Homes for who? A blow for low income home ownership

Published: by Steve Akehurst

The last Parliament saw housing rise rapidly up the political agenda. As a result, there is now a firm political consensus on the need to address the shortage of homes in England. This includes a genuine desire across government to get more homes built, which is very welcome.

The next big question, which will define housing in this Parliament, is homes for who? Who are we building for?

On this question, the government has made a much less auspicious start. The Prime Minister’s ‘Starter Homes’ announcement today is just the latest example.   

Starter Homes are homes that will be for sale at 80% of market price. They will probably help some middle and high earning people in some parts of the country get over the line in to home ownership. The trouble is that these homes will be paid for by cutting funding for low rent homes for people on typical incomes. Where developers could previously be obliged to build affordable low-rent homes (through what are called ‘Section 106 obligations’) they will now be forced to build Starter Homes instead.

This is problematic on several fronts:

  1. As our research has shown, Starter Homes are only affordable to the already well off. They are out of reach for people on low and middle incomes in a majority of the country. Middle earners are priced out of Starter Homes in 58% of the country, while families on George Osborne’s new ‘National Living Wage’ are priced out of Starter Homes in 98% of the country.
  2. It will lead to fewer low income people becoming home owners – entrenching home ownership as the preserve of the well off. It may seem counter-intuitive, but low rent housing has historically been the best route into home ownership for people on lower incomes. This was MacMillan’s original vision: council housing as a stepping stone to ownership. Lower rents allow families to save more for a deposit, while the Right to Buy offers them the chance to buy their home at a discount. Fewer low-rent homes means fewer low income homeowners, with ownership the preserve of the types of people who can afford Starter Homes. A one off Right to Buy extension will not mask this trend  if more low-rent homes are not being built.
  3. This particular policy doesn’t actually get more homes built. Instead, it just takes homes that would have got built anyway and switches the tenure to a more unaffordable one.


Starter - NL

To be clear, there’s nothing wrong with building homes for people to buy at lower than full cost. At Shelter we’ve long called for more and better ‘intermediate tenures’. We urgently need more homes for people on all sorts of incomes, in all corners of the country – which means a broad based programme of increased investment and reform.

But supporting low cost homeownership must not come at the expense of more genuinely affordable homes – which unfortunately is what the government is now proposing.
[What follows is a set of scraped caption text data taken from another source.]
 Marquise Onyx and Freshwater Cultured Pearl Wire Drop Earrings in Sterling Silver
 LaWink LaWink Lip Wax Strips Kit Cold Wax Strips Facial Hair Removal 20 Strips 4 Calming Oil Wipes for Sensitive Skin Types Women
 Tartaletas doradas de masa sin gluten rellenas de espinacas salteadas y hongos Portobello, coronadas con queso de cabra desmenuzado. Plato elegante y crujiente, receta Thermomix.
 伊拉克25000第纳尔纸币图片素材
Across the board – on Right to Buy without proper replacement, the forced sale of council homes and in their spending choices – the government is phasing out homes affordable to people on typical incomes in favour of homes for higher earners.
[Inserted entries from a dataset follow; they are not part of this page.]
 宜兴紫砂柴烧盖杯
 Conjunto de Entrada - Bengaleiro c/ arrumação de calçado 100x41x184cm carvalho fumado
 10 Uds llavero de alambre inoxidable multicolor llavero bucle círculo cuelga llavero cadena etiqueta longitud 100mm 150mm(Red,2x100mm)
The result will be a bit more home ownership for the already wealthy, with working people typical incomes consigned to expensive, unstable private renting for life.

To say the least, the politics of this are challenging for a party that is increasingly laying claim to be the party of low income workers. If George Osborne wants to make his ‘blue collar Conservatism’ a reality, he is going to have to build some homes for the kinds of people he’s talking about.
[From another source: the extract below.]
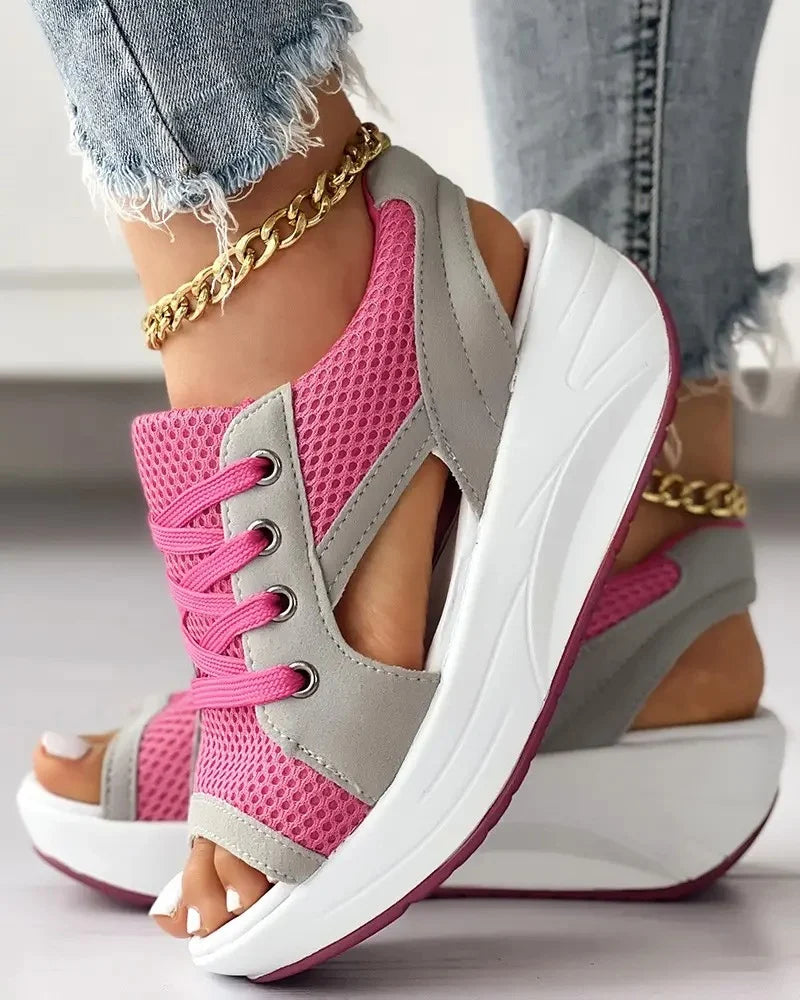 Eveloria Damen Muffin-Sandalen Kontrastausschnitt Schnürsenkel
There is an alternative course here: it’s ensuring Starter Homes are additional to, not instead of, genuinely affordable homes to rent; it’s maintaining funding for homes to rent rather than cutting it and it’s ensuring homes sold through Right to Buy are replaced like-for-like.

Unfortunately, things seem to be going in the opposite direction. Announcements like today’s may get the government through the day’s news cycle, but unless they are careful it will catch up with them politically. We’ve already seen the Chancellor’s tax credits policy unravelling as people (including his own MPs) look through the detail of who it helps and who it doesn’t – there is a real risk his flagship housing changes will end up the same way.